Siempre he sido una persona extremadamente torpe. Desde pequeña tengo las piernas llenas de moratones consecuencia de golpes contra cantos de mesas, pilas de libros o cualquier objeto que se interponga en mi camino. Recuerdo una de las primeras veces que monté en bici, deporte de alto riesgo para alguien tan descoordinada como yo, y la caída espectacular que siguió. Las marcas de esos golpes fueron una de las primeras tomas de consciencia de mi cuerpo: los morados pasando de negro a lila y amarillo, las heridas sangrantes convirtiéndose en costra. A los 12 años me apunté a danza clásica, una de las pocas actividades físicas que me sentía capaz de afrontar. Aunque estaba lejos de ser un cisne majestuoso, la disciplina de ir a clases de ballet y las amistades que se creaban en ese aula me mantuvieron en ella una década más. En los maillots y los espejos de cuerpo entero de las salas observé durante años mi cuerpo adolescente transformarse —los centímetros que gané, la forma de mi cara cambiando, las subidas y bajadas de peso, las distintas alteraciones en mi cutis o mi pelo en función de la etapa y el momento.

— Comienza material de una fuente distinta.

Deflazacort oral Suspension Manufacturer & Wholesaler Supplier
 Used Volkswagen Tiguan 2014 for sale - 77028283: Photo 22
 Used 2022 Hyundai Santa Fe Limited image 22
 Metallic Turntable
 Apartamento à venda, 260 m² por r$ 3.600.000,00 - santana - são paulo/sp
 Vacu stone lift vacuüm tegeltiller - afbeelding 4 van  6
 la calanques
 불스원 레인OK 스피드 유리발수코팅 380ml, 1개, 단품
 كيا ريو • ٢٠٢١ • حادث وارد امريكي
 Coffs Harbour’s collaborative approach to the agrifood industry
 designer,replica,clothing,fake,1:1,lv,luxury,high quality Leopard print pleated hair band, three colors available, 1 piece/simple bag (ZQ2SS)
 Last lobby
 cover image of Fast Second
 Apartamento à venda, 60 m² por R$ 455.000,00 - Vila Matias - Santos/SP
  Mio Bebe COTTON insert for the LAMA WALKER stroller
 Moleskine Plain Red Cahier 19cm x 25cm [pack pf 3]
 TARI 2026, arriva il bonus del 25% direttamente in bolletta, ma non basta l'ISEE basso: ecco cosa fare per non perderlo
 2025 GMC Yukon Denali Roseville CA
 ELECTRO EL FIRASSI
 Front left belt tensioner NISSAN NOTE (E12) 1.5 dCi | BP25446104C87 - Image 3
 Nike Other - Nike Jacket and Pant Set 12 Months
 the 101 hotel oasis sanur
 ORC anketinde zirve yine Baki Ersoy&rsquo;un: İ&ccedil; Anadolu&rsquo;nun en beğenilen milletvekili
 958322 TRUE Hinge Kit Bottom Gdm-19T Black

Recuerdo que el año antes de empezar la universidad tuve mi primer episodio de ansiedad. Estaba yendo a clase cuando de repente noté que mis manos no me respondían, como si hubiera perdido el tacto. En el médico me dijeron que no se trataba de un problema físico, sino de una respuesta del cuerpo a lo que estaba pasando por mi cabeza. Si hubiera prestado más atención, quizá habría visto días antes en el espejo de ballet señales que ahora detecto rápidamente: las uñas clavadas en la palma de la mano, el párpado que palpita cuando acumulo tensión. En varios de los ensayos de su libro El anzuelo del diablo, la escritora Leslie Jamison aborda el tema del sufrimiento femenino y la relación de las mujeres con nuestro cuerpo y sus dolencias. A través de su experiencia personal, que va desde tener un aborto hasta trabajar como falsa paciente en facultades de medicina, Jamison estudia las complejas representaciones del dolor femenino. Una de las ideas centrales y la obsesión de la autora es la necesidad de salir de la autocompasión, de la percepción de este dolor de las mujeres (físico o psicológico) como un fetiche, que cree que encarnan figuras como Sylvia Plath. El dolor, la ansiedad, escribe la autora, la relación con nuestros cuerpos, son también lo que las mujeres decidamos hacer con él.
Es curioso como a veces el estímulo más inesperado me transporta en el tiempo a una canción de Quique González (¿quién se estrella cuando tú te estrellas también?), un capítulo de The OC. De repente vuelvo a ser esa adolescente contemplando su figura cambiar frente a una barra de ballet. Soy la adulta que se ha pasado años sin subirse a una bici después de aquella caída. Ahora presto mucha más atención a los cambios de mi cuerpo, y a todas las alertas que se activan en él. Hace tiempo que no tengo un episodio de ansiedad, y no he vuelto a practicar danza clásica. Pero hay días en los que mientras paseo me veo en el reflejo de los rascacielos y corrijo mi postura. O encuentro, una vez más, un morado gigante de procedencia desconocida. Y trato de habitar de la mejor forma posible el cuerpo en que nací.